SOURCE DATA Block Start

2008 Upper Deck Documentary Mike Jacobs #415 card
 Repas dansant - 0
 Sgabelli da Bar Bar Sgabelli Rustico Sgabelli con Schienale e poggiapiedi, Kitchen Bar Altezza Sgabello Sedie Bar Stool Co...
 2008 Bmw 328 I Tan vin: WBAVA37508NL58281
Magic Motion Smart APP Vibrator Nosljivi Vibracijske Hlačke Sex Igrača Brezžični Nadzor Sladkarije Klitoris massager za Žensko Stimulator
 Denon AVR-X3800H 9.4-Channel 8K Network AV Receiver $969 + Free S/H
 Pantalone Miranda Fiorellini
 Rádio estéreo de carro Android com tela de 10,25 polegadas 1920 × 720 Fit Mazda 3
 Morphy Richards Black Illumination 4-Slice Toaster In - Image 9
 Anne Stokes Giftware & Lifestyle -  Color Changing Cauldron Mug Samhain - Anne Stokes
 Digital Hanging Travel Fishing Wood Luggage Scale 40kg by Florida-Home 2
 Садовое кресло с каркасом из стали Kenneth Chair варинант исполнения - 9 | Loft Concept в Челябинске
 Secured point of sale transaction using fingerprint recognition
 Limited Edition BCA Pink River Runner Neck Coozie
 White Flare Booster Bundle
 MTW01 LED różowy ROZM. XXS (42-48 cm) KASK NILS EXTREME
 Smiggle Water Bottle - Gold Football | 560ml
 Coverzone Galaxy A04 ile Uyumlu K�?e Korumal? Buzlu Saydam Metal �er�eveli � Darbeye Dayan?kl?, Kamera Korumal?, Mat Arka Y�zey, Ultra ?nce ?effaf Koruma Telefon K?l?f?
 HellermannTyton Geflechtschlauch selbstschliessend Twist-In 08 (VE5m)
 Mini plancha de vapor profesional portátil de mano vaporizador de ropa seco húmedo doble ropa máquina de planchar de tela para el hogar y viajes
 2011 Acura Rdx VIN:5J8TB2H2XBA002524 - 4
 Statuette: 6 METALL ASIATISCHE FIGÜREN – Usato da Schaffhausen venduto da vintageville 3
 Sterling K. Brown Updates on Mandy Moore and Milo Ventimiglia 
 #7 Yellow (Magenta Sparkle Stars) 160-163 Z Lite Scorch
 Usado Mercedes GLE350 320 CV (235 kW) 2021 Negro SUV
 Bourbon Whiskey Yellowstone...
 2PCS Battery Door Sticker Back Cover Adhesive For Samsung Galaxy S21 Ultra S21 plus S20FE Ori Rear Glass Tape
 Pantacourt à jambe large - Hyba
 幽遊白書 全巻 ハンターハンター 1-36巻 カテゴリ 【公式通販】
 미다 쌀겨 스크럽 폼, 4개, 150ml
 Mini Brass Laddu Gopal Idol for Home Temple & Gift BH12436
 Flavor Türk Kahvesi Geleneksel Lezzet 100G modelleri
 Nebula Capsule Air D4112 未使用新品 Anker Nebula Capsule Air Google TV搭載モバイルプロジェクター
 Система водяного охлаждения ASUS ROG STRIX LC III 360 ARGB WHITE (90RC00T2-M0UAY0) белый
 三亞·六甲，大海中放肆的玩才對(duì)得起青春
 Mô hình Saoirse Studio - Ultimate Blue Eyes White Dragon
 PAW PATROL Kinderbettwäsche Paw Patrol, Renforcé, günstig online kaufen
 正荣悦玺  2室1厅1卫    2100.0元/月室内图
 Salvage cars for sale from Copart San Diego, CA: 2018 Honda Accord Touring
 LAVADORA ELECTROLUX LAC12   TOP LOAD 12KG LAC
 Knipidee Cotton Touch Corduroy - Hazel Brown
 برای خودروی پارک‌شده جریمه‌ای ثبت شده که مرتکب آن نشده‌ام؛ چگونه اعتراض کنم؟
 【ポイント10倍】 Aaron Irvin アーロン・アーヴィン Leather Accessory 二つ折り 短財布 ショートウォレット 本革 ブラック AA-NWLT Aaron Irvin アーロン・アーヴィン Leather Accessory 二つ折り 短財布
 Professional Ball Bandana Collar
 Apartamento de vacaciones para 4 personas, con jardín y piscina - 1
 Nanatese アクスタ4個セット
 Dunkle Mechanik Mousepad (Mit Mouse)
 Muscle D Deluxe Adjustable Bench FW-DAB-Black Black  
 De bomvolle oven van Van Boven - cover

SOURCE DATA Block End

For the records above, state the number of lines that include the string "Home" and add nothing.

PROBLEM SOLUTION =>
2